Pelagius taught that a human's ability to act correctly was a gift of God, as well as divine revelation and the example and teachings of Jesus. Further spiritual development, including faith in Christianity, was up to individual choice, not divine benevolence. Pelagius accepted no excuse for sin, and argued that Christians should be like the church described in Ephesians 5:27, "without spot or wrinkle". Instead of accepting the inherent imperfection of man, or arguing that the highest moral standards could only be applied to an elite, Pelagius taught that all Christians should strive for perfection. Like Jovinian, Pelagius taught that married life was not inferior to monasticism, but with the twist that all Christians regardless of life situation were called to a kind of asceticism. Pelagius taught that it was not sufficient for a person to call themselves a Christian and follow the commandments of scripture; it was also essential to actively do good works and cultivate virtue, setting themselves apart from the masses who were "Christian in name only", and that Christians ought to be extraordinary and irreproachable in conduct. Specifically, he emphasized the importance of reading scripture, following religious commandments, charity, and taking responsibility for one's actions, and maintaining modesty and moderation. (Note: Scriptural passages cited for the necessity of works include Matthew 7:19–22, Romans 2:13, and Titus 1:1.) Pelagius taught that true virtue was not reflected externally in social status, but was an internal spiritual state. He explicitly called on wealthy Christians to share their fortunes with the poor. (Augustine criticized Pelagius' call for wealth redistribution.)
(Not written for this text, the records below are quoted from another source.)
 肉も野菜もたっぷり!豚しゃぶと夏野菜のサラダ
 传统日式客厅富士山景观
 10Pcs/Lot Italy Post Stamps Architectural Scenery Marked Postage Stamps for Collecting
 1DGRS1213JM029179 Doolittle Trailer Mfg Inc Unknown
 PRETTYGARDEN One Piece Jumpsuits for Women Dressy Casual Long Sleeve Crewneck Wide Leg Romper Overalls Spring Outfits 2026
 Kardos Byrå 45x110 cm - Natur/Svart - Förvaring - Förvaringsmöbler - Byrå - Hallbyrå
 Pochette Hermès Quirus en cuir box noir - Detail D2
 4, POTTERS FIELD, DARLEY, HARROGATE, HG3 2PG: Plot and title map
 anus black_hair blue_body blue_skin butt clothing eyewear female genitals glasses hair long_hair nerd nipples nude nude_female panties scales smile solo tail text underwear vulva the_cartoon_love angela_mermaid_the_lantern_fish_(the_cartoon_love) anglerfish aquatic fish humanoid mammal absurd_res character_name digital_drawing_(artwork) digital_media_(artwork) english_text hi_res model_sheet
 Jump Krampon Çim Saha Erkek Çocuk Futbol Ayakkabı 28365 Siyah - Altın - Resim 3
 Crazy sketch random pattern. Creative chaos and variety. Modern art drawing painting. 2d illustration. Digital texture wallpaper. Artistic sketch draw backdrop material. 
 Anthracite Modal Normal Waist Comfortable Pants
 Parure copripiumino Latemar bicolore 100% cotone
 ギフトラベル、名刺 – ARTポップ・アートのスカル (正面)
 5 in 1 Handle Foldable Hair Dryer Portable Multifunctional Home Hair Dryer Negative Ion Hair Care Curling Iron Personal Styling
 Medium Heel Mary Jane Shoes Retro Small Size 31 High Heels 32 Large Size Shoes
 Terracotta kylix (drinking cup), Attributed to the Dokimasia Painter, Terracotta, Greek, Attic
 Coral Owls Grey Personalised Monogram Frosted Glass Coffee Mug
=== Baptism and judgment ===
Because sin in the Pelagian view was deliberate, with people responsible only for their own actions, infants were considered without fault in Pelagianism, and unbaptized infants were not thought to be sent to hell. Like early Augustine, Pelagians believed that infants would be sent to purgatory. Although Pelagius rejected that infant baptism was necessary to cleanse original sin, he nevertheless supported the practice because he felt it improved their spirituality through a closer union with Jesus. For adults, baptism was essential because it was the mechanism for obtaining forgiveness of the sins that a person had personally committed and a new beginning in their relationship with God. After death, adults would be judged by their acts and omissions and consigned to everlasting fire if they had failed: "not because of the evils they have done, but for their failures to do good". He did not accept purgatory as a possible destination for adults. Although Pelagius taught that the path of righteousness was open to all, in practice only a few would manage to follow it and be saved. Like many medieval theologians, Pelagius believed that instilling in Christians the fear of hell was often necessary to convince them to follow their religion where internal motivation was absent or insufficient.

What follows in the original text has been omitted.